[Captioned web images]
---

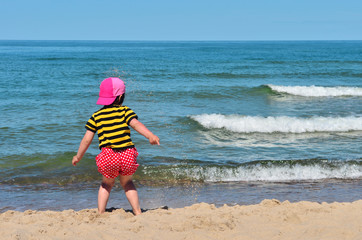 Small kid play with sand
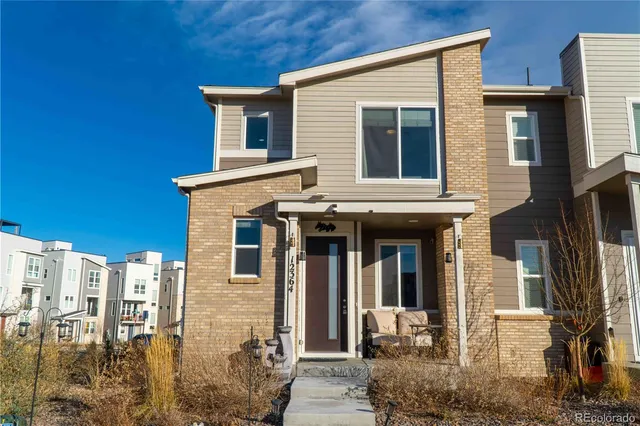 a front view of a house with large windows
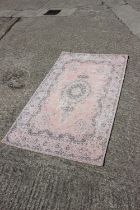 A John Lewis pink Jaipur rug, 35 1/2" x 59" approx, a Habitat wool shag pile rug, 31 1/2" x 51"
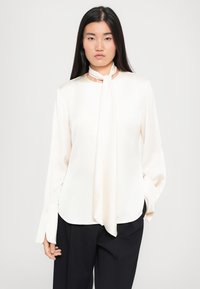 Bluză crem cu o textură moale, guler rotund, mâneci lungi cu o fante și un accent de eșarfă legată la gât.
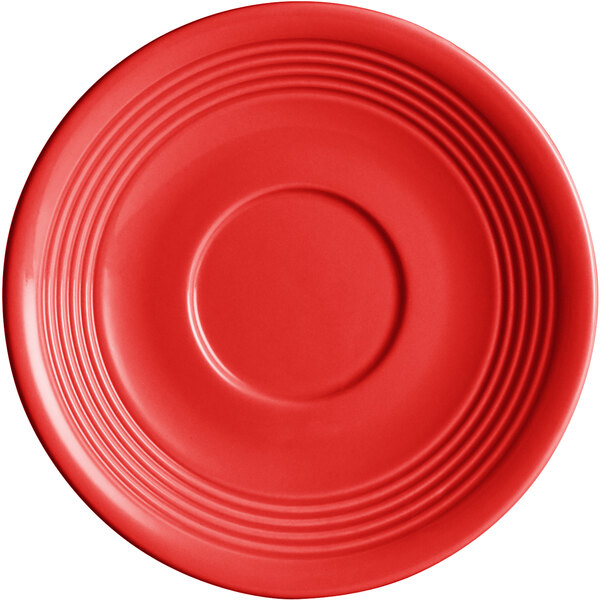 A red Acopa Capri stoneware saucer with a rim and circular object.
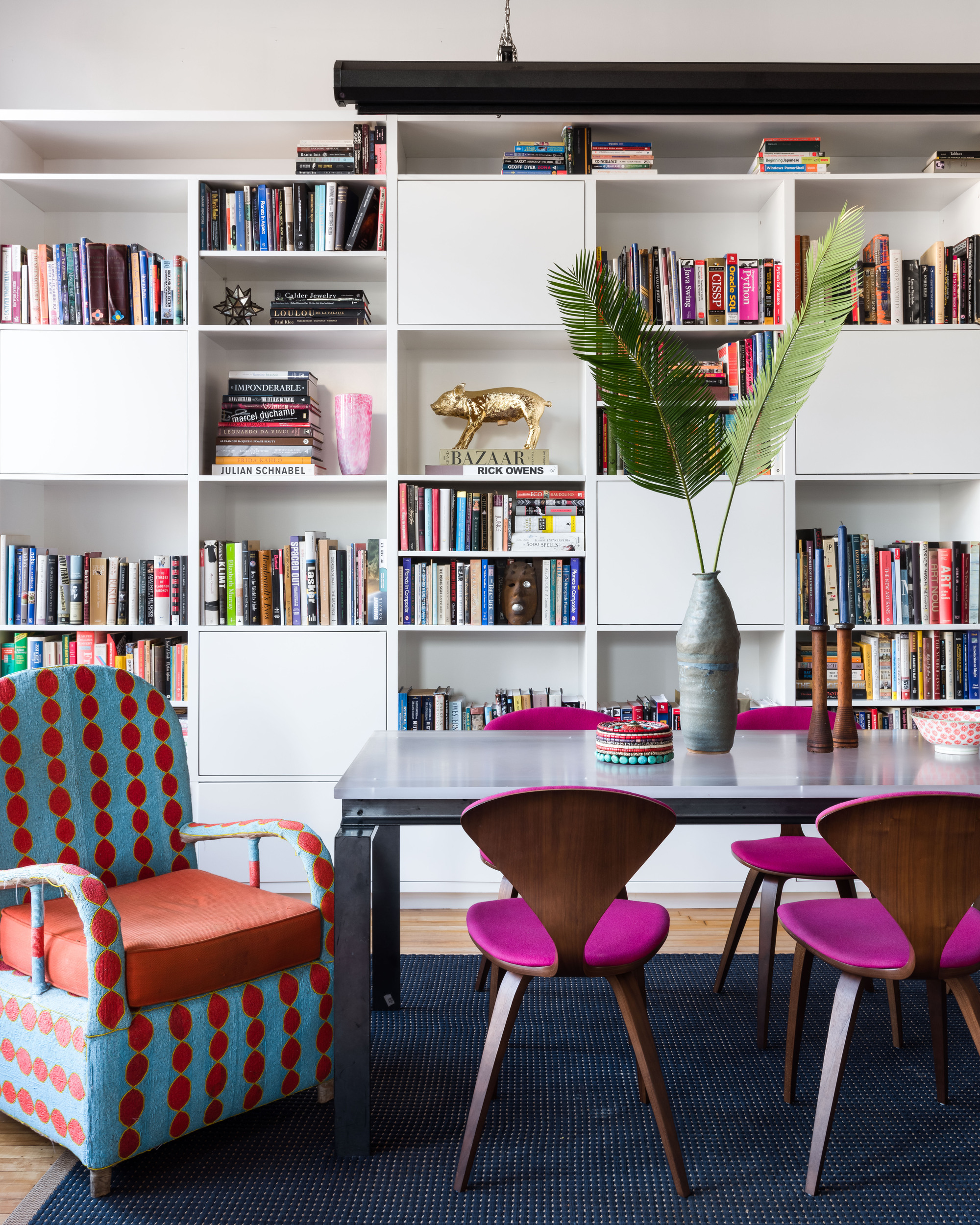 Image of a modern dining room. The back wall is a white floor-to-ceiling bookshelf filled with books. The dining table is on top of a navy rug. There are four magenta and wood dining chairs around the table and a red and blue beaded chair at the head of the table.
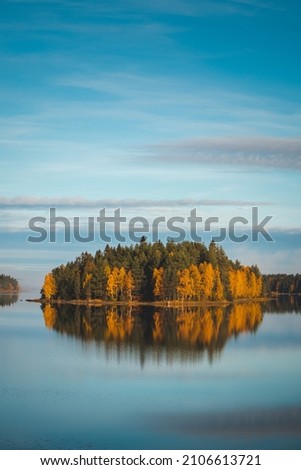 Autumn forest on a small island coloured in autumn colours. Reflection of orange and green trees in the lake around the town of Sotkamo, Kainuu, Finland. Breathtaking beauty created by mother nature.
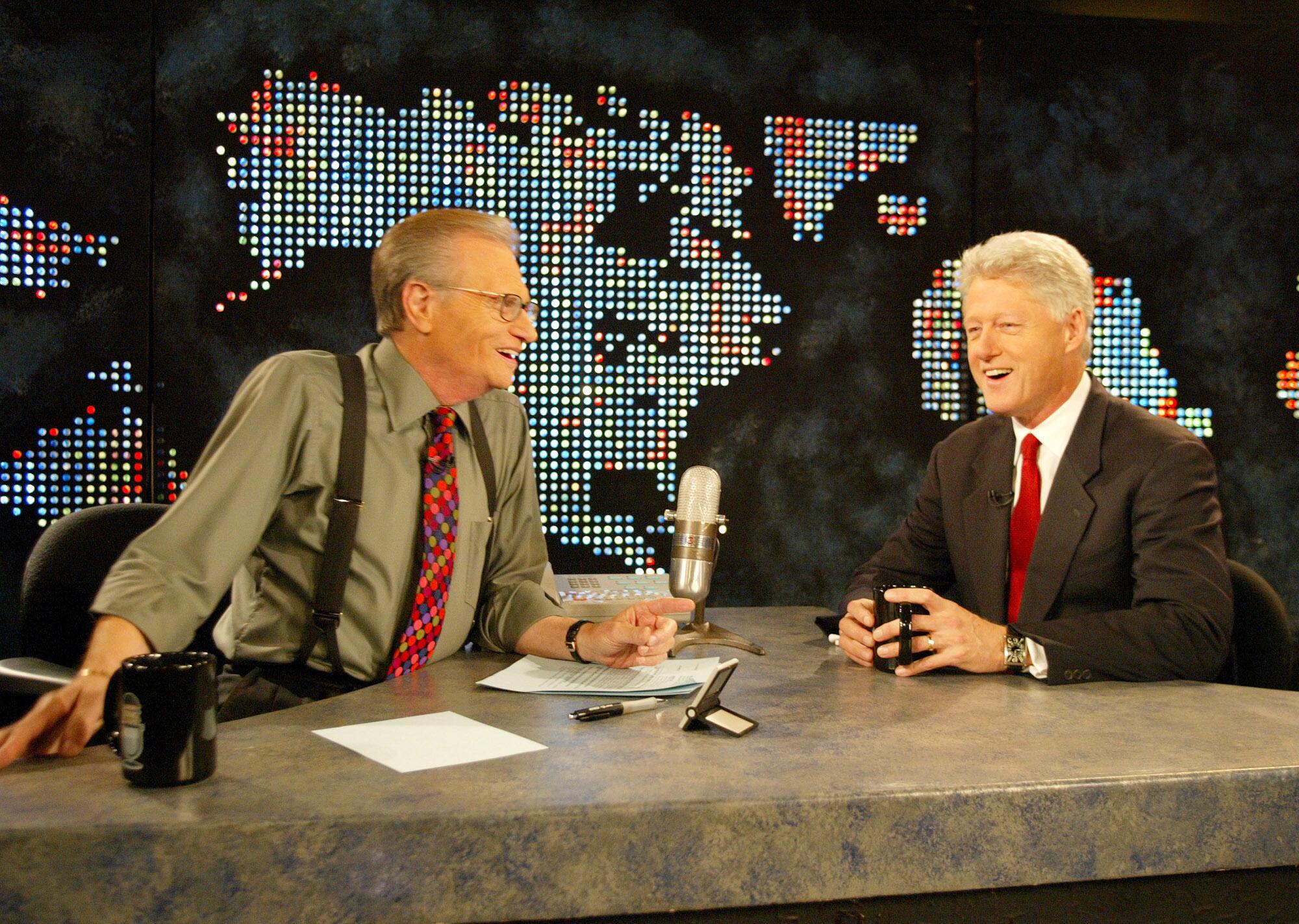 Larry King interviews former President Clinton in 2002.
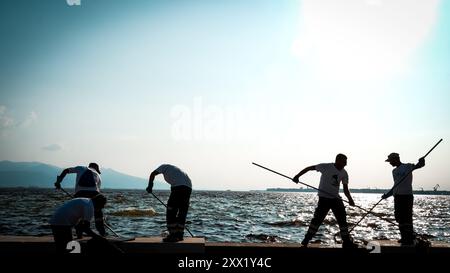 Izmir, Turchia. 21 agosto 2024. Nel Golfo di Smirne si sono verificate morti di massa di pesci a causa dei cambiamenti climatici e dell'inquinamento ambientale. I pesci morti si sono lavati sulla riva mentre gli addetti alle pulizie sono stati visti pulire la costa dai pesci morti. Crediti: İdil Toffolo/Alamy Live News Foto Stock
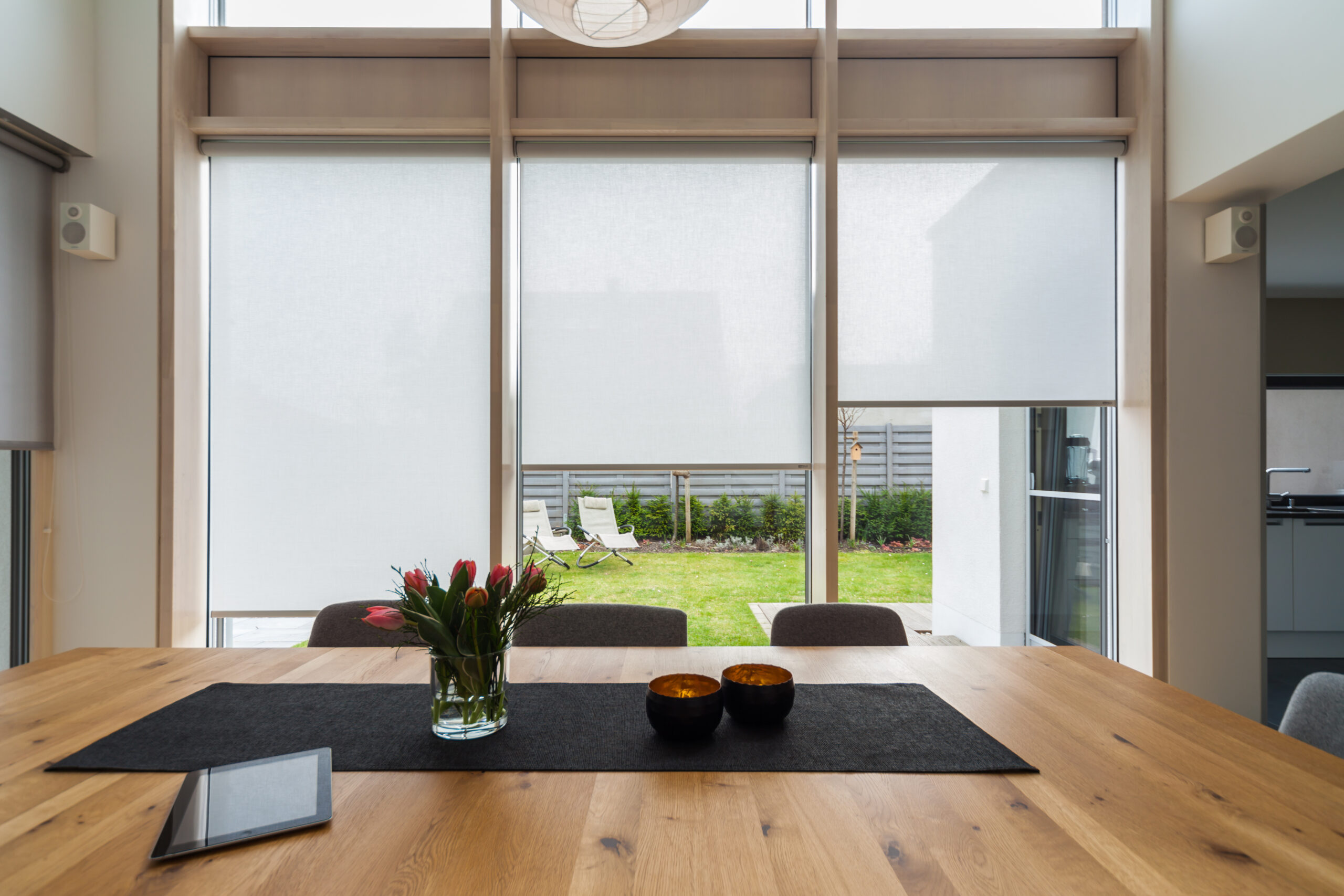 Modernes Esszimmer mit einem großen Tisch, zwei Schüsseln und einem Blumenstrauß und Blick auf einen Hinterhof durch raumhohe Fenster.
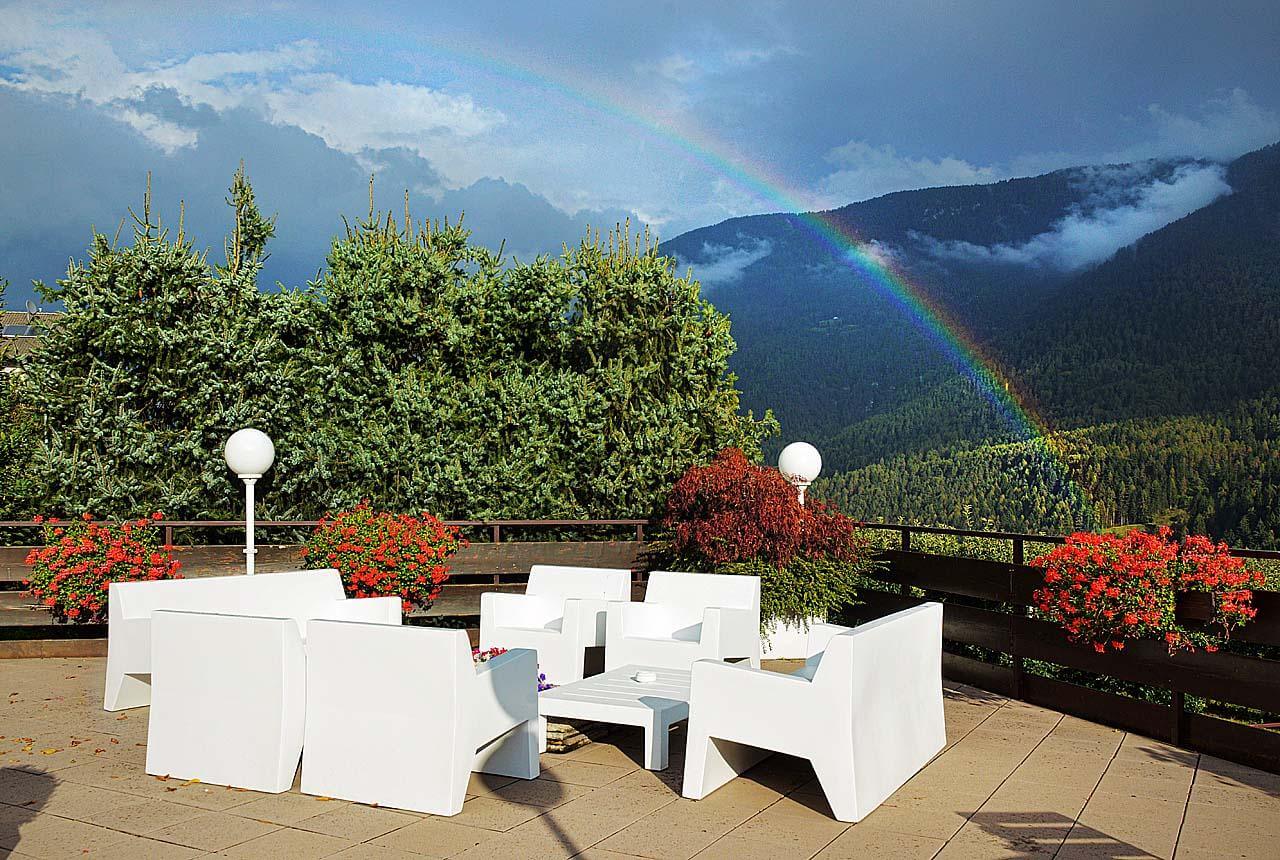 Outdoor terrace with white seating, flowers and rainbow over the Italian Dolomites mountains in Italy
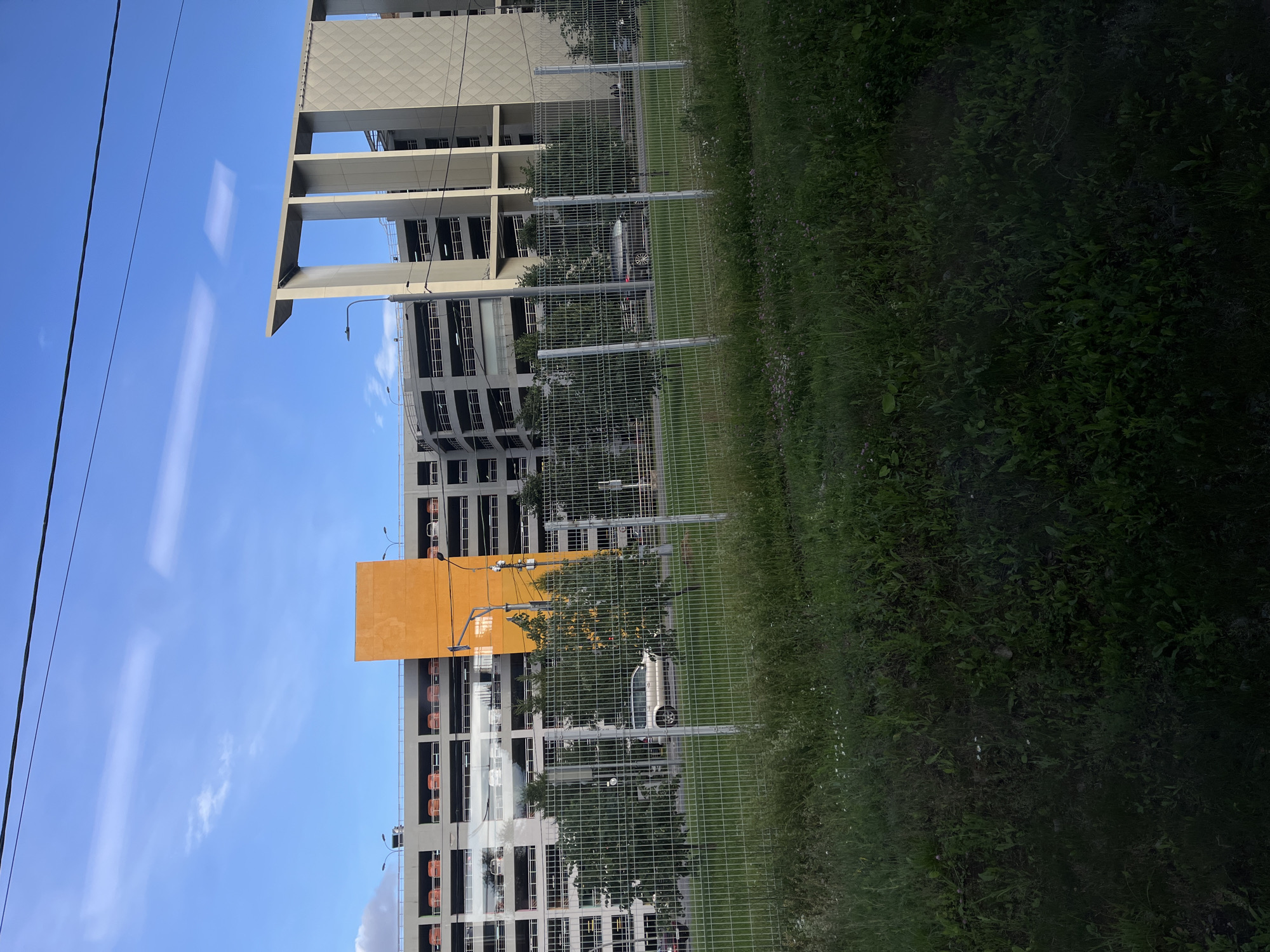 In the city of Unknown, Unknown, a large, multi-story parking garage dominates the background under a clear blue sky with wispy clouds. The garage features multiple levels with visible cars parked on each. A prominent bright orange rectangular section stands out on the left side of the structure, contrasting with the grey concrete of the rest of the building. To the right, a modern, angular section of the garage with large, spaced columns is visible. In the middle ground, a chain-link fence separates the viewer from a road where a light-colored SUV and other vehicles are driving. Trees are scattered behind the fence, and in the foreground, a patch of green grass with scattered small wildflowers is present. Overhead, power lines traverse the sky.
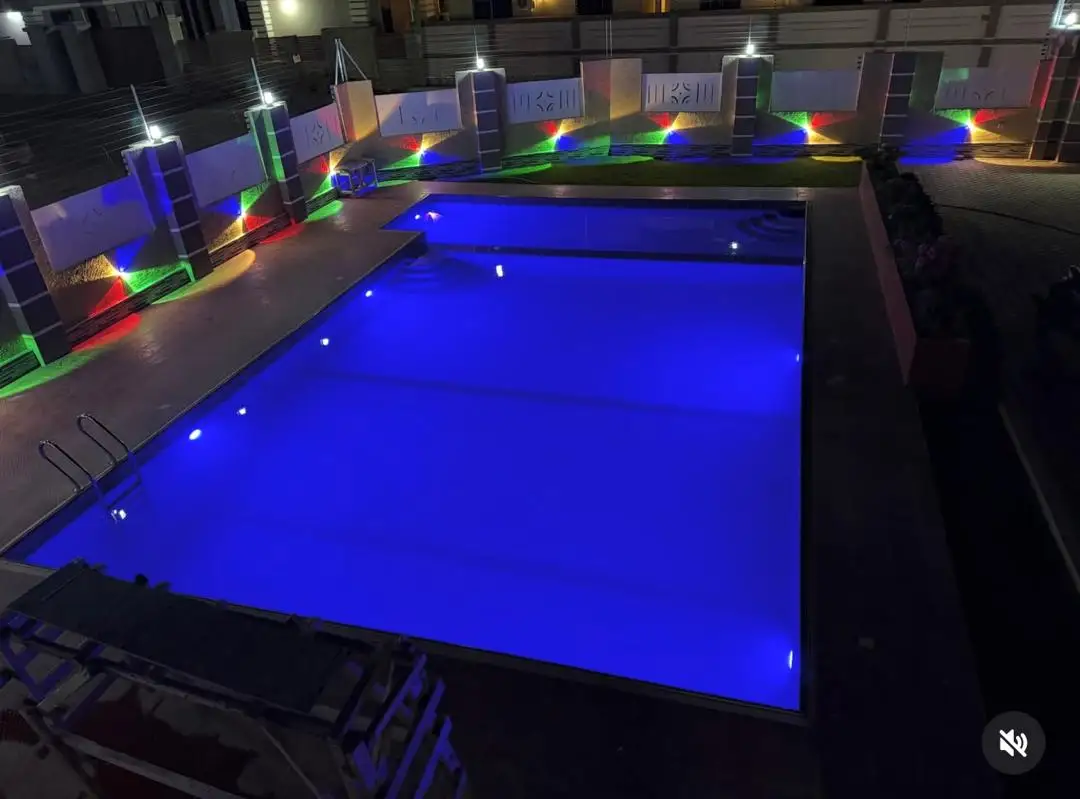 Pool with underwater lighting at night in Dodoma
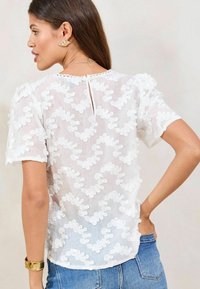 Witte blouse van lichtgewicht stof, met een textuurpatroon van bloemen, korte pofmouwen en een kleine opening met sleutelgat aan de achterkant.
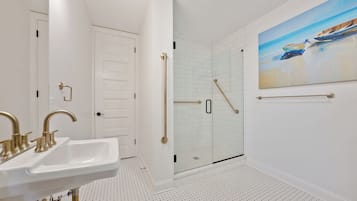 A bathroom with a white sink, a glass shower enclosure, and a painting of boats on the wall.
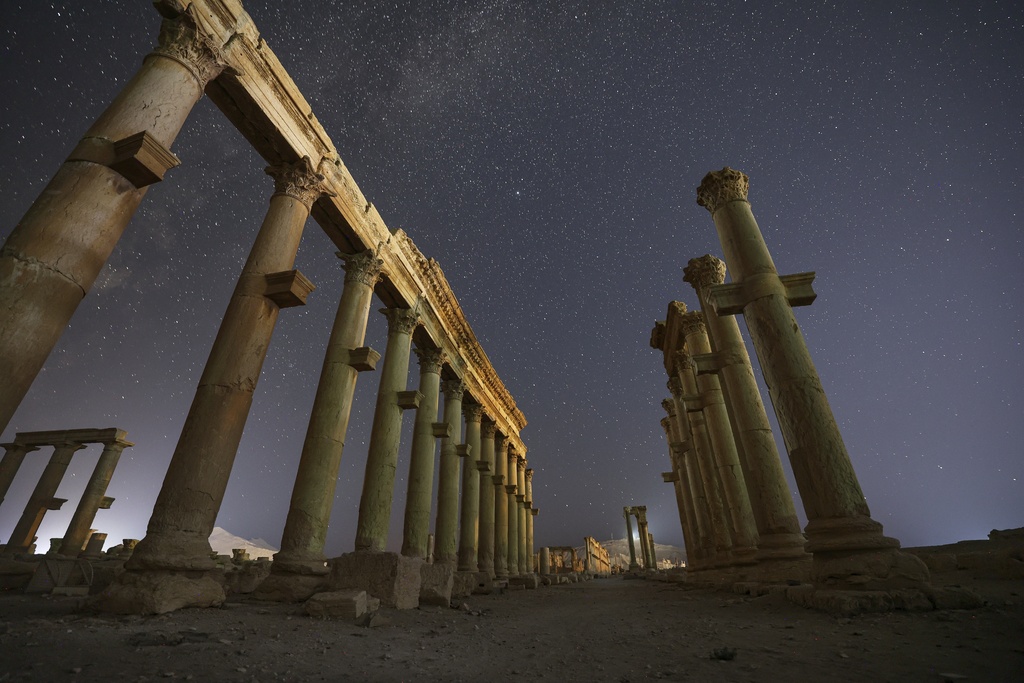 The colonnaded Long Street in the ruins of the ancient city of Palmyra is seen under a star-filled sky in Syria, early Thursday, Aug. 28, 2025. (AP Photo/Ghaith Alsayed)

---

_Problem requirements:_
In the copy, include no pictures; otherwise transcribe the entries exactly.

_Task response:_
 Small kid play with sand
 a front view of a house with large windows
 A John Lewis pink Jaipur rug, 35 1/2" x 59" approx, a Habitat wool shag pile rug, 31 1/2" x 51"
 Bluză crem cu o textură moale, guler rotund, mâneci lungi cu o fante și un accent de eșarfă legată la gât.
 A red Acopa Capri stoneware saucer with a rim and circular object.
 Image of a modern dining room. The back wall is a white floor-to-ceiling bookshelf filled with books. The dining table is on top of a navy rug. There are four magenta and wood dining chairs around the table and a red and blue beaded chair at the head of the table.
 Autumn forest on a small island coloured in autumn colours. Reflection of orange and green trees in the lake around the town of Sotkamo, Kainuu, Finland. Breathtaking beauty created by mother nature.
 Larry King interviews former President Clinton in 2002.
 Izmir, Turchia. 21 agosto 2024. Nel Golfo di Smirne si sono verificate morti di massa di pesci a causa dei cambiamenti climatici e dell'inquinamento ambientale. I pesci morti si sono lavati sulla riva mentre gli addetti alle pulizie sono stati visti pulire la costa dai pesci morti. Crediti: İdil Toffolo/Alamy Live News Foto Stock
 Modernes Esszimmer mit einem großen Tisch, zwei Schüsseln und einem Blumenstrauß und Blick auf einen Hinterhof durch raumhohe Fenster.
 Outdoor terrace with white seating, flowers and rainbow over the Italian Dolomites mountains in Italy
 In the city of Unknown, Unknown, a large, multi-story parking garage dominates the background under a clear blue sky with wispy clouds. The garage features multiple levels with visible cars parked on each. A prominent bright orange rectangular section stands out on the left side of the structure, contrasting with the grey concrete of the rest of the building. To the right, a modern, angular section of the garage with large, spaced columns is visible. In the middle ground, a chain-link fence separates the viewer from a road where a light-colored SUV and other vehicles are driving. Trees are scattered behind the fence, and in the foreground, a patch of green grass with scattered small wildflowers is present. Overhead, power lines traverse the sky.
 Pool with underwater lighting at night in Dodoma
 Witte blouse van lichtgewicht stof, met een textuurpatroon van bloemen, korte pofmouwen en een kleine opening met sleutelgat aan de achterkant.
 A bathroom with a white sink, a glass shower enclosure, and a painting of boats on the wall.
 The colonnaded Long Street in the ruins of the ancient city of Palmyra is seen under a star-filled sky in Syria, early Thursday, Aug. 28, 2025. (AP Photo/Ghaith Alsayed)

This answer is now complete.